Sekitar 6 juta pengungsi dan keturunannya ini tinggal di kamp-kamp di Tepi Barat, Gaza, Lebanon, Suriah dan Yordania.
Setelah pertempuran terhenti di tahun 1948, Israel menolak para pengungsi kembali ke tanah mereka. Padahal, pengembalian pengungsi merupakan bagian dari perjanjian damai. Israel menolaknya dengan alasan bahwa kembalinya para pengungsi akan mengancam keberadaan warga Yahudi di negara tersebut.
Melihat konflik itu, Mesir khawatir ledakan sejarah Nakba akan terulang lagi dan pengungsi akan menetap selamanya di Gaza.
Mesir bingung dengan ketidakjelasan perang ini.
“Ketidakjelasan Israel mengenai niatnya di Gaza dan evakuasi penduduknya sendiri merupakan suatu permasalahan,” kata Riccardo Fabiani, Direktur Proyek Afrika Utara Crisis Group International.
“Kebingungan ini memicu ketakutan di lingkungan sekitar.”
Mesir meminta Israel untuk mengizinkan bantuan kemanusiaan masuk ke Gaza.
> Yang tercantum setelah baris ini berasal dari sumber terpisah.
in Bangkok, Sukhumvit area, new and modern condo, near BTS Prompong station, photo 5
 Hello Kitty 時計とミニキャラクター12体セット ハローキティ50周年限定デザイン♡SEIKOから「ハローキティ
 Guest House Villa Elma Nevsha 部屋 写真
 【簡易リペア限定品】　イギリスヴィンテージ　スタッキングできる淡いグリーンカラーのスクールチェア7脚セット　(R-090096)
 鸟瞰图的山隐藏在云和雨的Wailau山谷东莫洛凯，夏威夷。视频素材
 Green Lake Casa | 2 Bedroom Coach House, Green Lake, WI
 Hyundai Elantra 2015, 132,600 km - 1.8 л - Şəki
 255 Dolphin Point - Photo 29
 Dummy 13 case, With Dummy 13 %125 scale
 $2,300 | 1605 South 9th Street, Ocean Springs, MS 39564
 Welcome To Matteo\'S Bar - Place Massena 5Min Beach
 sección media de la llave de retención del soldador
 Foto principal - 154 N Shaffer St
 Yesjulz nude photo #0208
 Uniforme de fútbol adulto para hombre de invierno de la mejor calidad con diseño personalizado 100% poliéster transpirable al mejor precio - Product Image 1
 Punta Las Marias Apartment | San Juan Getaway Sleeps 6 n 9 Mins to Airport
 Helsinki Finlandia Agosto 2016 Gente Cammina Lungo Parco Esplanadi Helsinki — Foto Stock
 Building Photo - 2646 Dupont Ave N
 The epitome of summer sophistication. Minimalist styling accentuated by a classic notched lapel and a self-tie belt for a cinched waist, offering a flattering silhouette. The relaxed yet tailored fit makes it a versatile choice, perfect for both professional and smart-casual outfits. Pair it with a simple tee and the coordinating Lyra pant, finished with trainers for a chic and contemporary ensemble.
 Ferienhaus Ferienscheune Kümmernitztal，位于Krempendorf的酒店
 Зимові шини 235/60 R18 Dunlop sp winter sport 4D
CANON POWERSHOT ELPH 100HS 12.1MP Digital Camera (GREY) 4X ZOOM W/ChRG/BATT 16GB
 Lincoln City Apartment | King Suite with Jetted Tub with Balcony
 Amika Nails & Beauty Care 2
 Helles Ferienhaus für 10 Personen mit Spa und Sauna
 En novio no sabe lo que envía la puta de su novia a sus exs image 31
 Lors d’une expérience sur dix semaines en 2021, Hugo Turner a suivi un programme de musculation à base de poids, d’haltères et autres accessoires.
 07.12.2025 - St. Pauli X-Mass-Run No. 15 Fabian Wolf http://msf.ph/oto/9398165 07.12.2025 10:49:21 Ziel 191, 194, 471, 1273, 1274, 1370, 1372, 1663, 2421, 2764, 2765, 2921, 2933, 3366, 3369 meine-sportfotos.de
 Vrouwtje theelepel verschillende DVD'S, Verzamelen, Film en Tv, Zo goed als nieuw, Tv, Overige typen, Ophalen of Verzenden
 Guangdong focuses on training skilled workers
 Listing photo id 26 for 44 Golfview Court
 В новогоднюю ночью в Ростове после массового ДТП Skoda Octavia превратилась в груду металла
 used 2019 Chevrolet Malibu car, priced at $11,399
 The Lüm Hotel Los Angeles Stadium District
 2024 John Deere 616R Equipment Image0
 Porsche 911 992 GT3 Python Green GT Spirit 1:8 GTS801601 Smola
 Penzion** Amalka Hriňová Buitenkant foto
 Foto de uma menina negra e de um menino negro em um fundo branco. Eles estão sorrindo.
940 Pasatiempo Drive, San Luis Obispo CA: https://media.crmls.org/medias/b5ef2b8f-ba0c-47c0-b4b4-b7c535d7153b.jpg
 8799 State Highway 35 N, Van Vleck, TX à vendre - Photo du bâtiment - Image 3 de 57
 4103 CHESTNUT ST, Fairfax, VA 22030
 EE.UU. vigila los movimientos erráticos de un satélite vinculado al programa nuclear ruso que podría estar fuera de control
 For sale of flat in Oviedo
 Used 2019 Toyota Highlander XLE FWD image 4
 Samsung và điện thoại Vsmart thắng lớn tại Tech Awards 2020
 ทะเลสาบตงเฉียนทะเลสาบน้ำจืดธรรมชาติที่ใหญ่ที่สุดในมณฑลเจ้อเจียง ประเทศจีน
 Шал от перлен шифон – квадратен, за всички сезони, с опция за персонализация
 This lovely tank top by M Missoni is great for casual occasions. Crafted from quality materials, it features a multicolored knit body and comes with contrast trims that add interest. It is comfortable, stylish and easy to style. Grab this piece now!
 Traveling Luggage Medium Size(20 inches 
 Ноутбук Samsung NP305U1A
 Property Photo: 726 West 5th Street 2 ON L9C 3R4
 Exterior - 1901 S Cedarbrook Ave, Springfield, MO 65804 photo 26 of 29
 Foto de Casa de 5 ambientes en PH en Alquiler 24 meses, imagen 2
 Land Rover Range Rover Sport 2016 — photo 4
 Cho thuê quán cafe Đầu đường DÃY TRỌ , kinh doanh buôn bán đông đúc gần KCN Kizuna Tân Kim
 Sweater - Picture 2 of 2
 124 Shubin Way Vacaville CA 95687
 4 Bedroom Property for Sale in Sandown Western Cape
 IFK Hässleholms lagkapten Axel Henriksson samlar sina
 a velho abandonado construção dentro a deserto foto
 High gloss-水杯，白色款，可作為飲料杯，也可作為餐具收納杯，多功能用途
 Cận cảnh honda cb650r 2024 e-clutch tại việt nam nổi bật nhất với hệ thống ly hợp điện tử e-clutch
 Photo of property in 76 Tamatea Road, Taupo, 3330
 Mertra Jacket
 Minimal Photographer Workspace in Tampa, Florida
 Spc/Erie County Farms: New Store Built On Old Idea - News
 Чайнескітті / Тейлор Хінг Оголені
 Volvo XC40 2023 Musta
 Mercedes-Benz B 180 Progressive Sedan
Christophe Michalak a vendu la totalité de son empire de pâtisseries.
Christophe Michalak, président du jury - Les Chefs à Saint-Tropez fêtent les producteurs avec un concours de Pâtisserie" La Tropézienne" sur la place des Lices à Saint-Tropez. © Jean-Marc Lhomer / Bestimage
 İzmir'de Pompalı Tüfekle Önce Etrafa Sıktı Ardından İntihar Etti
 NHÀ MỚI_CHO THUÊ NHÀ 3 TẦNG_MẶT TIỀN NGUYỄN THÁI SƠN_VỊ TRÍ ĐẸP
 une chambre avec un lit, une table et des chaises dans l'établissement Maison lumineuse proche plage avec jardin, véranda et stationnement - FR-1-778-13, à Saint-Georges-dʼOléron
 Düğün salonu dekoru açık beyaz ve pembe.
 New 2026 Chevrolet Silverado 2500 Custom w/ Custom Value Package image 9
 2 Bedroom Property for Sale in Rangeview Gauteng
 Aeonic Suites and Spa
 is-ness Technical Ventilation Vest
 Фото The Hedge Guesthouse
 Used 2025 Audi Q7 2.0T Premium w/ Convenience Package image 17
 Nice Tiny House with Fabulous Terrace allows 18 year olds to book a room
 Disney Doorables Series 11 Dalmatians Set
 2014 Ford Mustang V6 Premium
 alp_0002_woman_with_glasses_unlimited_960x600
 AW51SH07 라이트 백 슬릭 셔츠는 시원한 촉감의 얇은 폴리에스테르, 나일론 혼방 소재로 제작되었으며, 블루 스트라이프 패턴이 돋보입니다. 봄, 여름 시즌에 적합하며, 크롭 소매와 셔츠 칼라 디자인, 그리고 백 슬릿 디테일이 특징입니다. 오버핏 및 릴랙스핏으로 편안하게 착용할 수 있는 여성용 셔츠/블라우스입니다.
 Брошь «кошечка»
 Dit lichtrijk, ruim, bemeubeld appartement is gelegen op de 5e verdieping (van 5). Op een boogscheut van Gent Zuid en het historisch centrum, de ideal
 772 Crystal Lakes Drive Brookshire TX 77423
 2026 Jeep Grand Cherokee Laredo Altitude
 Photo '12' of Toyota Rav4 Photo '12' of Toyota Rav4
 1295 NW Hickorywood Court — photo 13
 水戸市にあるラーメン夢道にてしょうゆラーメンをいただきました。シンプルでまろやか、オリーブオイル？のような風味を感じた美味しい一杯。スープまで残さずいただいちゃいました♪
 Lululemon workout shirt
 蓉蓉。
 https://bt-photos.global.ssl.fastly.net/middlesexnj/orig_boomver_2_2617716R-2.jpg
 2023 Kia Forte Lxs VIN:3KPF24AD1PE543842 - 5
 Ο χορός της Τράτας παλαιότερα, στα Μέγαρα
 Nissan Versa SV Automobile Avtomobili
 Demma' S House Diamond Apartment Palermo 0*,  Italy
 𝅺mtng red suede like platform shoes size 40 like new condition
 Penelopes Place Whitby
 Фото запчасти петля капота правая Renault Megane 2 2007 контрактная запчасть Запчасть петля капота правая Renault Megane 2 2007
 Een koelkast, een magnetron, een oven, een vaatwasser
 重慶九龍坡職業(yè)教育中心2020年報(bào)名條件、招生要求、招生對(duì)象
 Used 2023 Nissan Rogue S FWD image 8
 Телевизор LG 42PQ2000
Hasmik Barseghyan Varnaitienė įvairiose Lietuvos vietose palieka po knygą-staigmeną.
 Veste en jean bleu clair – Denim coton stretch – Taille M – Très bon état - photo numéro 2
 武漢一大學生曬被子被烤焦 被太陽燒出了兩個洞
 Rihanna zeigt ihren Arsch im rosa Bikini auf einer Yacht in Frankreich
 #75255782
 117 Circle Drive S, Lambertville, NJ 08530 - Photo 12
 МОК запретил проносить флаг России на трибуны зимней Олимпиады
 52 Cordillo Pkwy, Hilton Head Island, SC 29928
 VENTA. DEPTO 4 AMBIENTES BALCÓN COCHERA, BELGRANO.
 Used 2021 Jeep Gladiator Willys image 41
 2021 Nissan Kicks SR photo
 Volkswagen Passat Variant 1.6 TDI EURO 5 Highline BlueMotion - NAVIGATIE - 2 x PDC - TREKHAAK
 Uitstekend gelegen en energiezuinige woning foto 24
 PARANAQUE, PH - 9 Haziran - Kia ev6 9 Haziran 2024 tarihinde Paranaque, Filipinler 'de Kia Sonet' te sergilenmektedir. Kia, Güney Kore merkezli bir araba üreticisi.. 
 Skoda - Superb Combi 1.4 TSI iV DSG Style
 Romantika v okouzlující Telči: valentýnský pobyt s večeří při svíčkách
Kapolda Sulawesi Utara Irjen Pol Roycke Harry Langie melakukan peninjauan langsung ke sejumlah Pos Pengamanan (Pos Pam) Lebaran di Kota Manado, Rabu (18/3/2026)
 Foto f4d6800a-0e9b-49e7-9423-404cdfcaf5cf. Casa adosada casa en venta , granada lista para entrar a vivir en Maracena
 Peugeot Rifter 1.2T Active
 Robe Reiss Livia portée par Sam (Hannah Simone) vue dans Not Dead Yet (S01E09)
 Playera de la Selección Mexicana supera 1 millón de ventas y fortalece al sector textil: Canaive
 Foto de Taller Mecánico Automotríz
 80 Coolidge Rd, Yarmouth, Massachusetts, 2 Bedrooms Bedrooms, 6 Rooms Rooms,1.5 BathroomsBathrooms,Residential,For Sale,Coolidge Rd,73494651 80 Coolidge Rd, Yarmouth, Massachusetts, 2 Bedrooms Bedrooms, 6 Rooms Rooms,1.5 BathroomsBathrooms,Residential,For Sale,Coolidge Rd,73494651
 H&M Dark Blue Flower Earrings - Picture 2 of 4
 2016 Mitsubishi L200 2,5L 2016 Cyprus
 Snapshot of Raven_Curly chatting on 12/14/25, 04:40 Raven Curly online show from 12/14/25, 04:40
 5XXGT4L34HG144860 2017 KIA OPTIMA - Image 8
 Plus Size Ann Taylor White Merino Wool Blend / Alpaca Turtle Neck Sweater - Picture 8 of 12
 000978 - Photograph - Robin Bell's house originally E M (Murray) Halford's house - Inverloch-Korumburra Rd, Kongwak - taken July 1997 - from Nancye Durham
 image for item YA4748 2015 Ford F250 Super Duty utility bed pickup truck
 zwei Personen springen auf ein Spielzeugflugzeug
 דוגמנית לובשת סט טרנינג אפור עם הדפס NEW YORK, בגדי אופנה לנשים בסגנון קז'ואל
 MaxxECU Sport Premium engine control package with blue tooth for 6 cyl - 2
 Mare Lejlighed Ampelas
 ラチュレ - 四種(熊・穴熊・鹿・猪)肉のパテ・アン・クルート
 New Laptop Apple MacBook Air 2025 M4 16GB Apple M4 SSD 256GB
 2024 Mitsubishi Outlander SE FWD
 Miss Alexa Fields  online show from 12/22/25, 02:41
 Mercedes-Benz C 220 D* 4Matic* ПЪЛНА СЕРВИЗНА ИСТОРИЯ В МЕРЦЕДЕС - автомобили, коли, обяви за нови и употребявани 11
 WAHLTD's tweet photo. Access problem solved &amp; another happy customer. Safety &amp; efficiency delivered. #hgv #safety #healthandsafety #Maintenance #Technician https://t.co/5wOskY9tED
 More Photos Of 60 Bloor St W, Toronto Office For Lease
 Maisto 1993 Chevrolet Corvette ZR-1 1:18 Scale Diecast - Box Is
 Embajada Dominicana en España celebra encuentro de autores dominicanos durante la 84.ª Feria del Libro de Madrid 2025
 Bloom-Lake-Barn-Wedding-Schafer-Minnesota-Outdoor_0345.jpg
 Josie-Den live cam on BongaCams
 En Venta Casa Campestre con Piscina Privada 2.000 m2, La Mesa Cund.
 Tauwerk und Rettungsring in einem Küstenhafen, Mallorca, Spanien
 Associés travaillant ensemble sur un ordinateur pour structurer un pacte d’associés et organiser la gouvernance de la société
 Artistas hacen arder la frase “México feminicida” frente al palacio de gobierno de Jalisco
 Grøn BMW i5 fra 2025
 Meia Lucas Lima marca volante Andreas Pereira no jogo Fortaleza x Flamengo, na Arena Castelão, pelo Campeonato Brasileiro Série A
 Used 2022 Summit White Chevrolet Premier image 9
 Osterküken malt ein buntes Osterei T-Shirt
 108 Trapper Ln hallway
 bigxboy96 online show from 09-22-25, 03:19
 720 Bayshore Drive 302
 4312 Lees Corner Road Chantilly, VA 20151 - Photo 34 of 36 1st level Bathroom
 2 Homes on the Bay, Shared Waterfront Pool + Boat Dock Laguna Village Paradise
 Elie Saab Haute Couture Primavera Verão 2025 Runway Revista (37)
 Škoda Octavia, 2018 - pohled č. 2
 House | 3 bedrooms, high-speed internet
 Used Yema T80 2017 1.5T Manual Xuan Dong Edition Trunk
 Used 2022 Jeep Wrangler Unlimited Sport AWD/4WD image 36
Israel bilang mereka akan melakukannya, tapi tidak jelas. Israel tidak menyebut langsung kapan akan membuka jalur kemanusiaan itu.
Sementara itu, Mesir sedang menghadapi krisisnya sendiri yang menjadi semakin parah. Mereka juga harus menampung 9 juta pengungsi dan migran, termasuk 200 ribu warga Sudan yang melarikan diri dari perang.
“Semua preseden sejarah menunjukkan fakta bahwa ketika warga Palestina dipaksa meninggalkan wilayah Palestina, mereka tidak diizinkan untuk kembali,” kata HA Hellyer.
“Mesir tidak ingin terlibat dalam pembersihan etnis di Gaza.”
Pada saat yang sama, Mesir mengatakan bahwa eksodus massal dari Gaza akan membawa Hamas atau pasukan militan Palestina lainnya ke wilayahnya. Mesir khawatir hal itu bisa mengganggu stabilitas negara mereka.